By Bill Loader
How can I know the loneliness of being without enough food, looking at my malnourished child, knowing it is too late?
How can I imagine the fear of random acts of violence, the bullying, and the violations on people not allowed a voice?
I can see more now than any previous generation. I can video scenes of destitution and watch them over and over again.
They pass my eyes like so many colours, so many pictures, a mist of too much to see, too much to know – I cannot see.
My eyes have learned to see and not see. My brain has learned to know and not know.
It is a fearful thing to be overwhelmed by just too much, too much human need. Other people’s pain is paralysing.
I want to pretend it is not so, merge the documentaries with the movies and blow it all away as fiction.

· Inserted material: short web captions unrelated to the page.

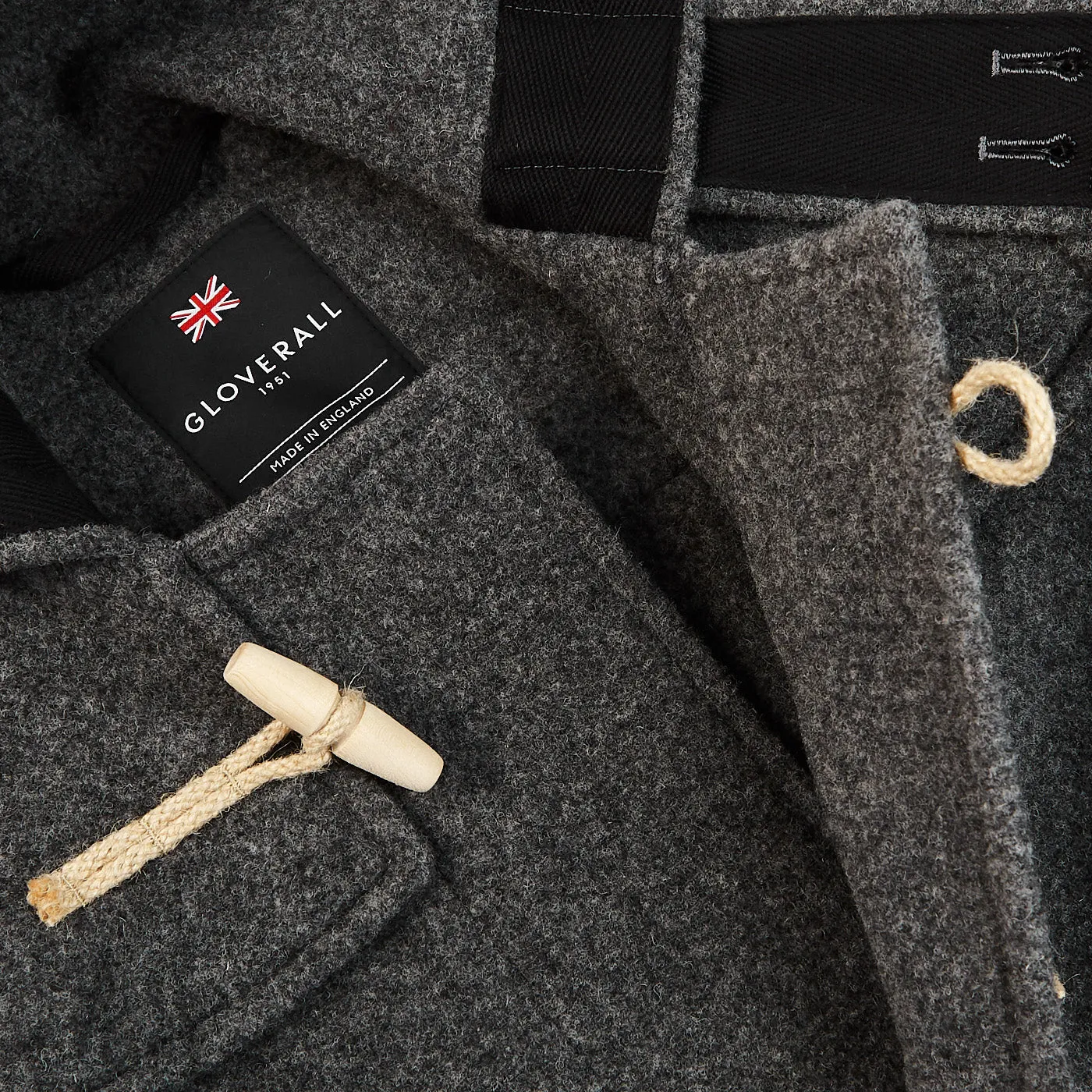 Grey Melange Wool Monty Duffle Coat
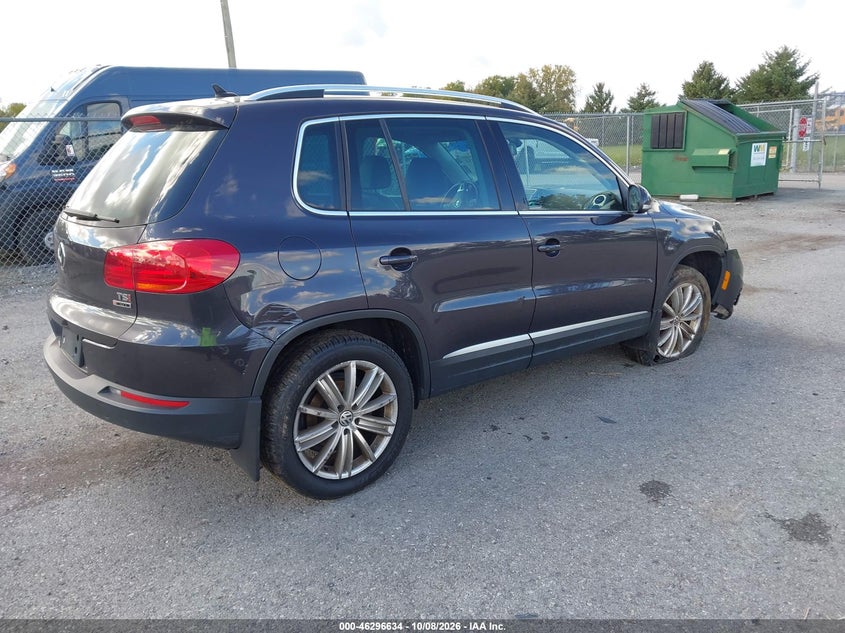 Vin: wvgbv7ax7gw589081, lot: 46796797, volkswagen tiguan se 20164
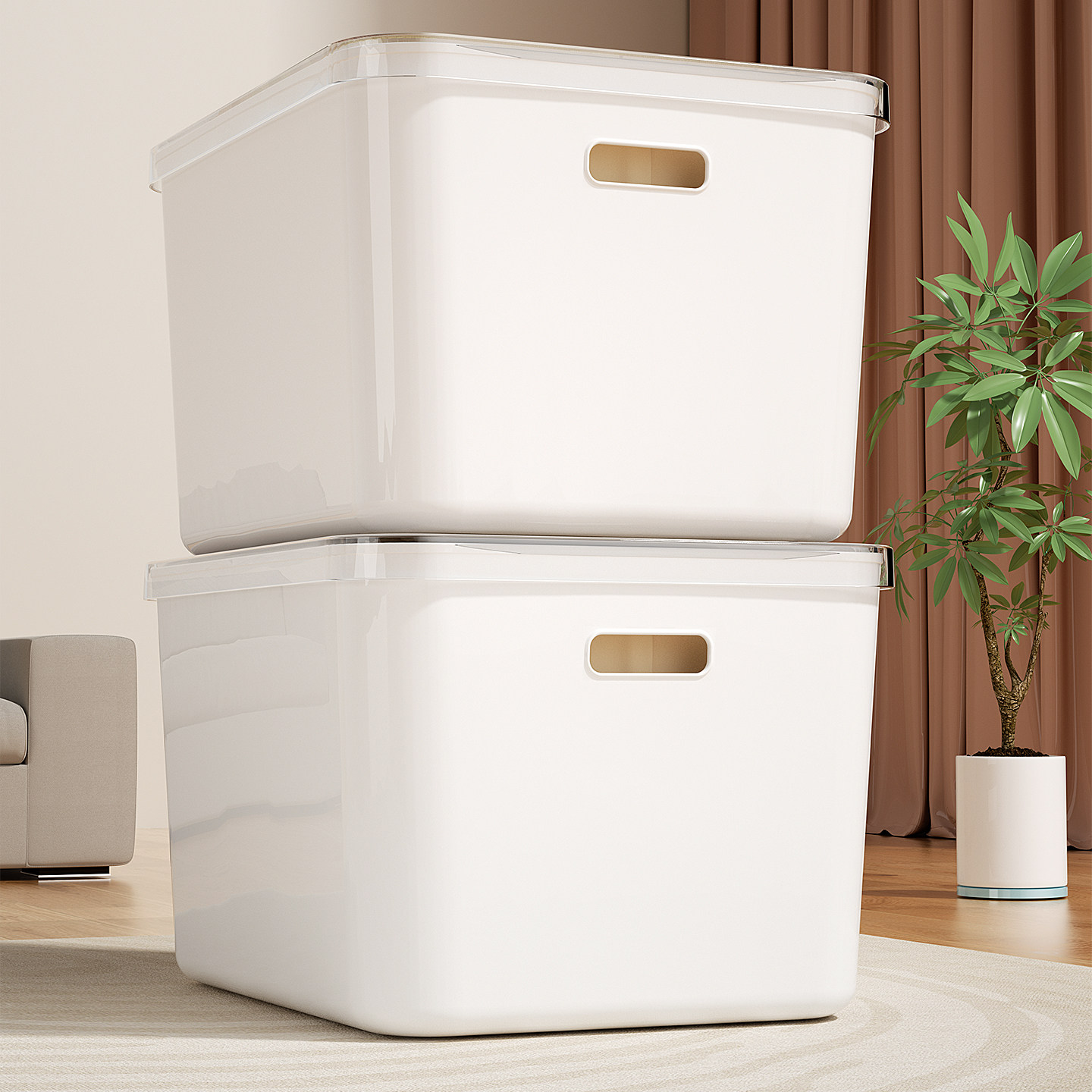 衣服收纳箱家用玩具零食储物箱子衣柜装衣物整理箱加厚塑料收纳盒,收纳整理,收纳箱,淘宝优惠券,粉丝福利购,淘宝优惠卷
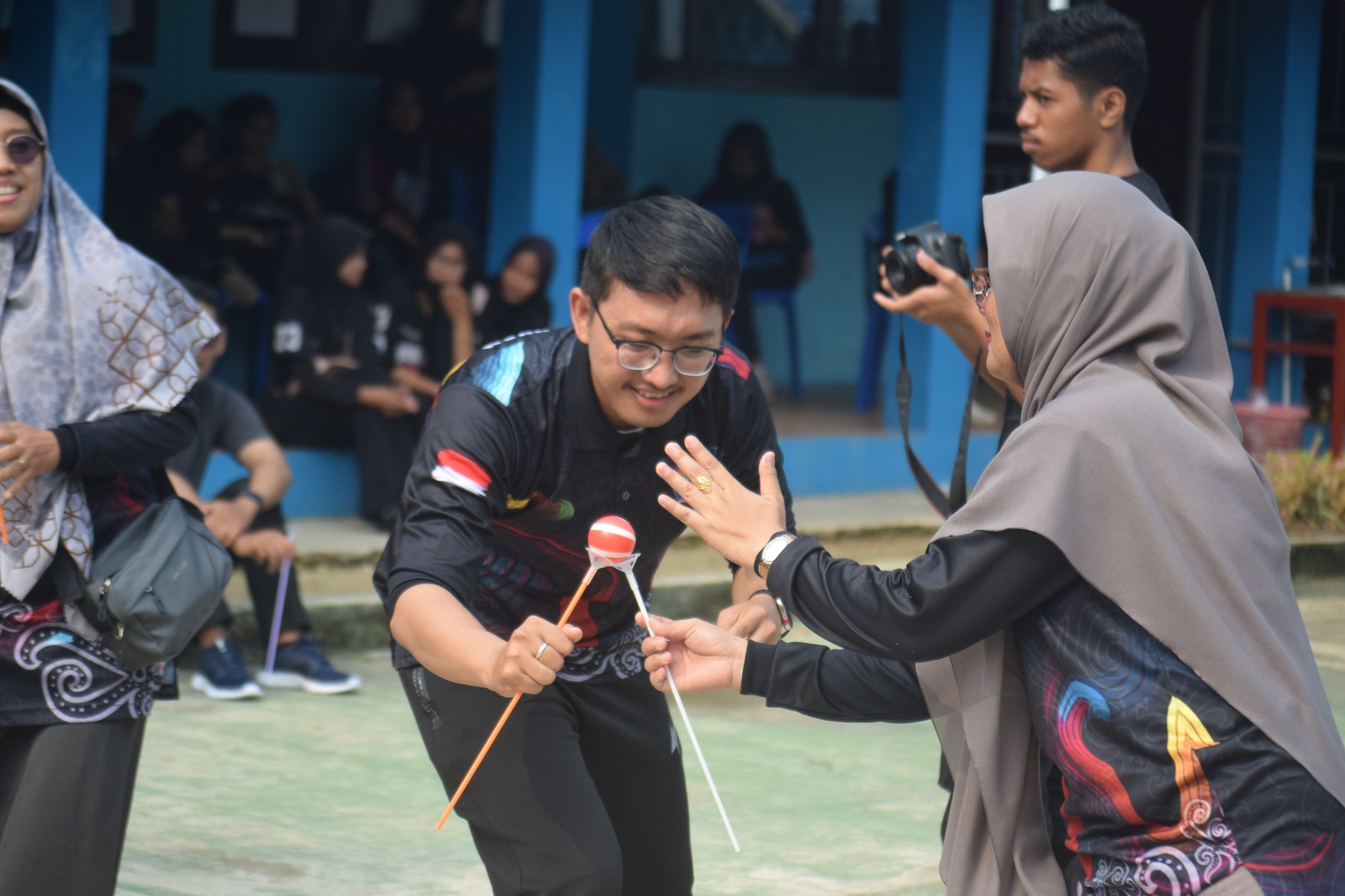 Keseruan lomba siswa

If I let it settle it will fall on me like dust and ashes, like a blanket of darkness crushing my soul.
My feeble efforts collapse beneath the weight. It is too much to bear. Something dies within me.
I can learn to dull my senses for relief. Let the radio talk constantly, the music fill the space for hearing; let them drown out the cries and give me peace.
I can escape into religious experiences or sense dulling drugs. Give me my patch of mown lawn, the silence of my cement fences, the comfort of barbecue smells and my friends and family. And why not?
But who said I must bear all that truth? Who said I can ever do enough? Who said I must have the answers? Who said it all rests on me? Why choose the guilt I can never bear without deceiving myself?
There are moments when we feel deeply vulnerable and severely limited – before human need in the wider world and sometimes before our own. We need not run away. Does God conspire to pretend we must be sufficient for all this?
Is not God’s love an acknowledgement of our humanity, including forgiveness for our sin, but more than that: being God when we can’t and should never try to be?
Does God in Christ not carry all this in brokenness? And of us he asks us to walk alongside and not to fear.
We do not need to fear that need will overwhelm us because we are not pretending we are sufficient to deal with it in the first place.
“In spirit”, in the spirit of shared brokenness and hope we walk with the brokenness of God and the poverty of people.
To do so is to be blessed in hope. It is sufficient that we allow ourselves courage to be present and not to run away, even when all we can sometimes do is cry silently and pray.
Then there can also be peace and joy but not at the expense of need.
Emeritus Professor Bill Loader is a Uniting Church Minister.
This extract is from his book, ‘St Patrick and the Helicopter: Theological Stories and Reflections For Young and Old’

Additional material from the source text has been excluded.